*** DATA SECTION ***

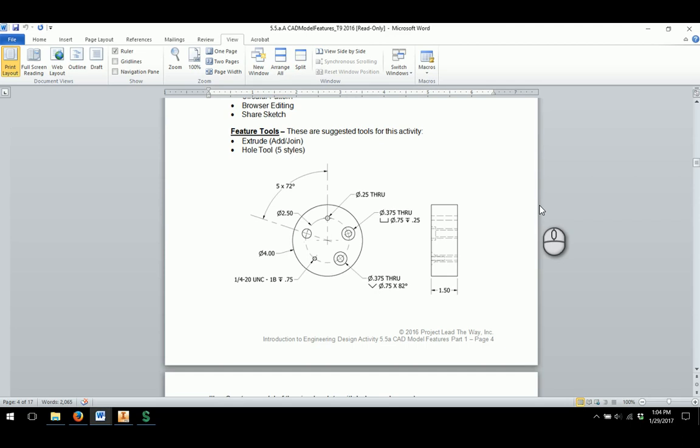This video is going to help you with continuation of activity 5.5a and creating the hole block model that you will go through and use to learn about various features within Inventor about creating different types of holes and what are some of the different options that you have available.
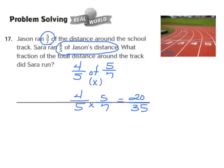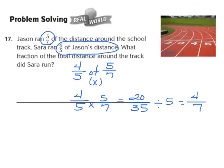The fraction 20/35 is not in simplest form. Both 20 and 35 share a common factor of 5. 20 divided by 5 gives me 4 as my numerator, and 35 divided by 5 gives me 7 as my denominator. So Sarah ran 4/7 of the total distance around the track. 4/5 times 5/7 gives me an answer of 4/7 in its simplest form.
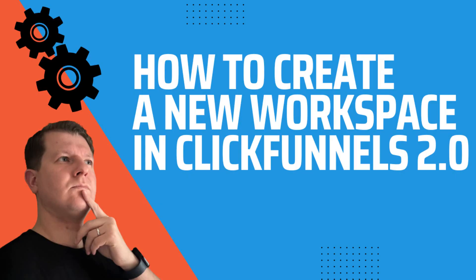Are you struggling with ClickFunnels 2.0? Well, in this video, we're going to cover how to create a new workspace in ClickFunnels 2.0. So let's hop into my ClickFunnels account right now, and I'll show you how.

***

• [PROMPT]
Give back the material exactly as written, images excluded.

• [RESPONSE AREA]
This video is going to help you with continuation of activity 5.5a and creating the hole block model that you will go through and use to learn about various features within Inventor about creating different types of holes and what are some of the different options that you have available.
The fraction 20/35 is not in simplest form. Both 20 and 35 share a common factor of 5. 20 divided by 5 gives me 4 as my numerator, and 35 divided by 5 gives me 7 as my denominator. So Sarah ran 4/7 of the total distance around the track. 4/5 times 5/7 gives me an answer of 4/7 in its simplest form.
Are you struggling with ClickFunnels 2.0? Well, in this video, we're going to cover how to create a new workspace in ClickFunnels 2.0. So let's hop into my ClickFunnels account right now, and I'll show you how.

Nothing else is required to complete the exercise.